June 3 (Bloomberg) -- The Philippine peso will decline 2.5 percent against the dollar after repeatedly dropping below its 200-day moving average in the past two weeks, according to Okasan Securities Co.
The currency may drop to 47.877, the lowest level since Sept. 18, said Tsutomu Soma, a bond and currency dealer at Okasan. The peso’s failure to hold gains after bouncing back through the technical level, first breached on May 21, is a “bearish” signal, he said.
“A break of the 200-day moving average again shows the recent gain was just a correction, and the peso will resume its decline,” Tokyo-based Soma said.
The peso slid 0.2 percent to 46.73 per dollar as of yesterday’s close in Manila, according to Tullett Prebon Plc. It dropped to a five-month low of 47.097 on May 25 after falling beyond the 200-day average of 46.4962 on May 21.

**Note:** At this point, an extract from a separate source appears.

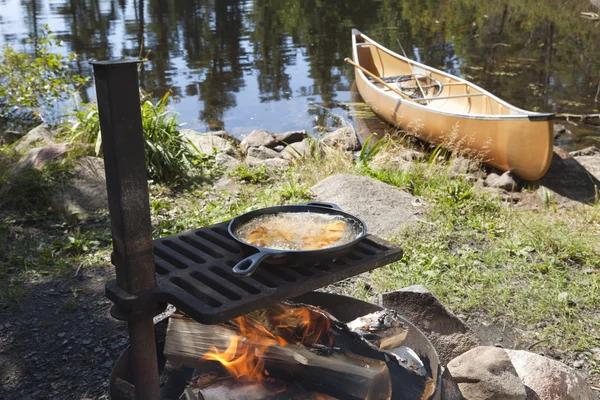 Peixe cozinhando ao ar livre em uma frigideira com uma canoa no backgr — Fotografia de Stock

The 47.877 level represents a 61.8 percent retracement of its gain from a low of 50.175 on Nov. 21, 2008, to a high of 44.158 on April 26, Soma said, citing to a series of numbers known as the Fibonacci sequence.
Fibonacci analysis is based on the theory that prices rise or fall by certain percentages after reaching a high or low. Other Fibonacci points are 23.6 percent, 38.2, 50 and 76.4 percent. In technical analysis, investors and analysts study charts of trading patterns and prices to forecast changes in a security, commodity, currency or index.